Vu les autres pièces du dossier.

Vu :

- la convention européenne de sauvegarde des droits de l'homme et des libertés fondamentales,

- la charte des droits fondamentaux de l'Union européenne,

- le code de l'entrée et du séjour des étrangers et du droit d'asile,

- le code des relations entre le public et l'administration,

- le code de justice administrative.

Le président du tribunal a désigné M. Martin-Genier en application de l'article R. 776-15 du code de justice administrative.

Les parties ont été régulièrement averties du jour de l'audience.

Ont été entendus au cours de l'audience publique :

- le rapport de M. Martin-Genier ;

- les observations de Me Albertini, avocat commis d'office, représentant M. C ;

- et les observations de Me Floret, représentant le préfet de police ;

Considérant ce qui suit :

1. M. A C, ressortissant tunisien né le 23 mars 1990, a fait l'objet le 9 mai 2023 d'un arrêté par lequel le préfet de police l'a obligé à quitter le territoire français, lui a refusé l'octroi d'un délai de départ volontaire, a fixé le pays à destination duquel il devait être éloigné et lui a interdit le retour sur le territoire français pendant une durée de trente-six mois. M. C demande l'annulation de cet arrêté.

Sur les moyens dirigés contre l'ensemble des décisions attaquées :

2. En premier lieu, par arrêté n° 2022-01543 du 30 décembre 2022, régulièrement publié au recueil des actes administratifs spécial de la préfecture de police du même jour, le préfet de police a donné délégation à Mme D B, adjointe au chef de la division des reconduites à la frontière et signataire de l'arrêté attaqué, à effet de signer tous actes, arrêtés et décisions dans la limite de ses attributions. Par suite, le moyen doit être écarté comme étant infondé.

3. En deuxième lieu, les décisions attaquées comportent les considérations de droit et de fait qui en constituent le fondement. Elles mentionnent notamment que M. C est dépourvu de tout document de voyage, qu'il a été signalé par les services de police le 7 mai 2023 pour port menaces de mort matérialisées par un objet (un marteau), exhibition sexuelle et détention de produits stupéfiants, que ces faits constituent une menace pour l'ordre public, qu'il ne justifie pas d'une résidence permanente et se déclare célibataire et sans enfant à charge. Dès lors, le moyen tiré de l'insuffisante motivation ne peut qu'être écarté.

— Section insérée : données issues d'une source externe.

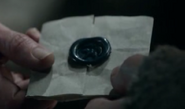 Meister Luwin delivering Lysa's letter to Catelyn, the seal bearing the imprint of a falcon in blue wax, in "Winter Is Coming".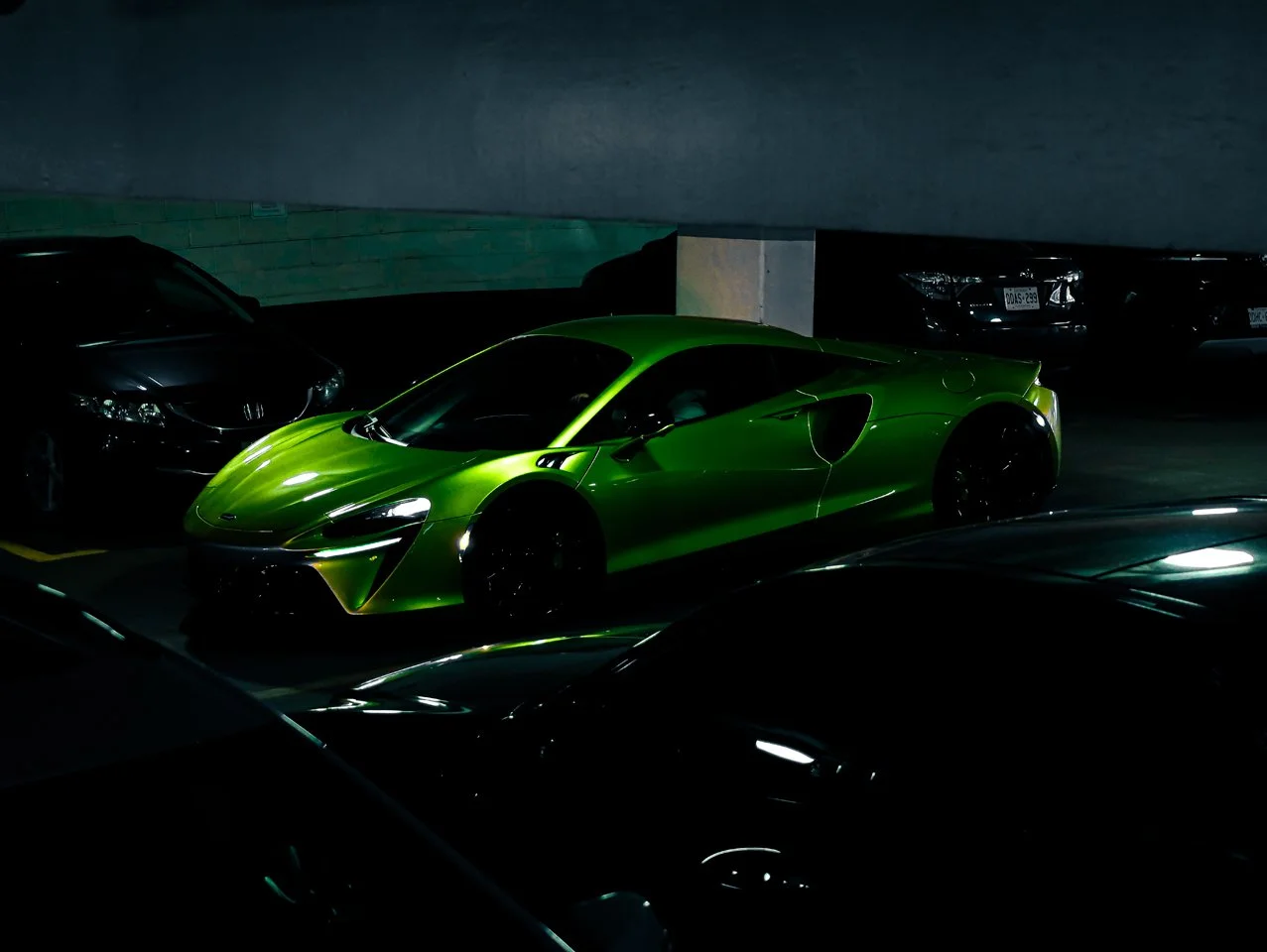 green-mclaren-artura-underground-parking-yorkville-toronto.jpg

4. En deuxième lieu, il ne ressort pas des pièces du dossier, et notamment pas de l'arrêté attaqué, que le préfet de police n'aurait pas procédé à un examen sérieux de la situation personnelle de M. C. Dès lors, le moyen tiré d'un tel manque d'examen doit être écarté.

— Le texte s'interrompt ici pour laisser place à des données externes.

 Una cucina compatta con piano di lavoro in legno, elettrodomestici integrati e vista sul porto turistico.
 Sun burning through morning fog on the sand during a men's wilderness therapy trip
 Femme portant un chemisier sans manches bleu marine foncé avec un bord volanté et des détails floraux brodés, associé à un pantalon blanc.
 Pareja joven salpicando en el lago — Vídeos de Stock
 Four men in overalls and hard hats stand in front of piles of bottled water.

5. En dernier lieu, au regard des faits d'une extrême gravité pour lesquels il a été interpellé le 7 mai 2023, le moyen tiré de l'erreur manifeste d'appréciation de ces décisions sur sa situation personnelle ne peut qu'être écarté.

6. Il résulte de tout ce qui précède que la requête de M. C doit être rejetée en toutes ses conclusions.

D E C I D E :

Article 1er : La requête de M. C est rejetée.

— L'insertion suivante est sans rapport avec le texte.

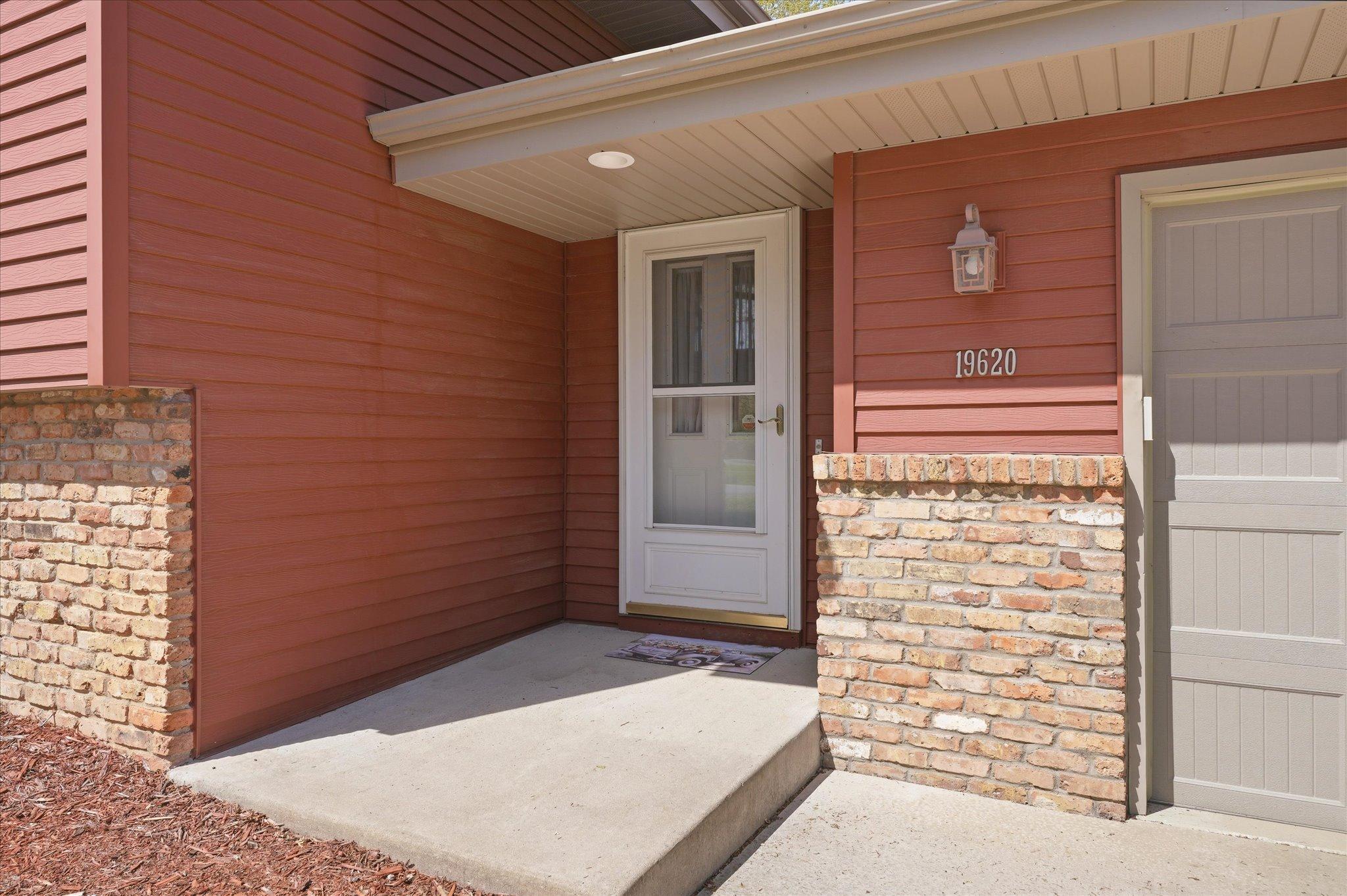 The inviting front entry area is covered to keep guests out of the elements.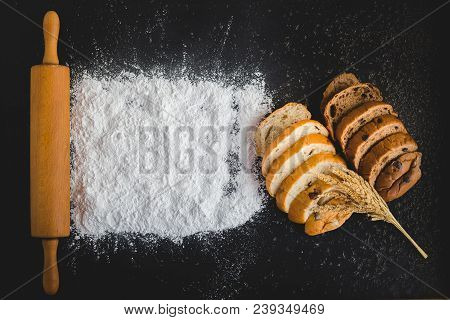 Top View Of Baking Concept , Rolliing With Baking Powder And Bread With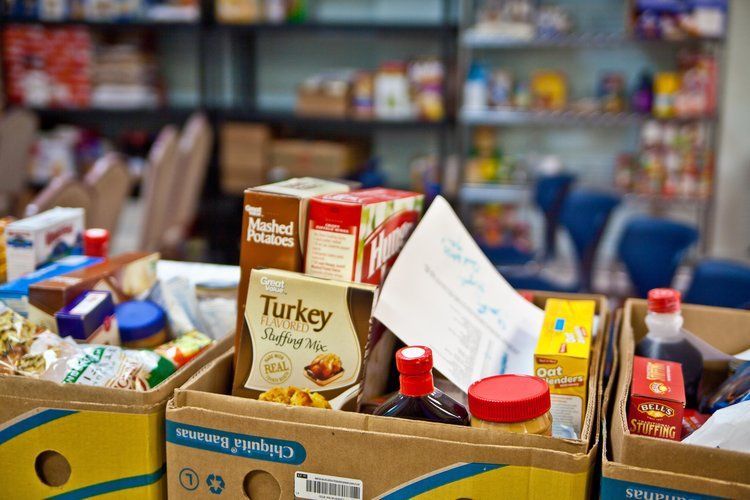 A bunch of boxes filled with food in a pantry.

Article 2 : Le présent jugement sera notifié à M. A C et au préfet de police.

Jugement lu en audience publique le 15 mai 2023.

Le magistrat désigné,

P. MARTIN-GENIERLa greffière,

T. RENE-LOUIS-ARTHUR

La République mande et ordonne au préfet de police en ce qui le concerne ou à tous commissaires de justice à ce requis en ce qui concerne les voies de droit commun contre les parties privées, de pourvoir à l'exécution de la présente décision.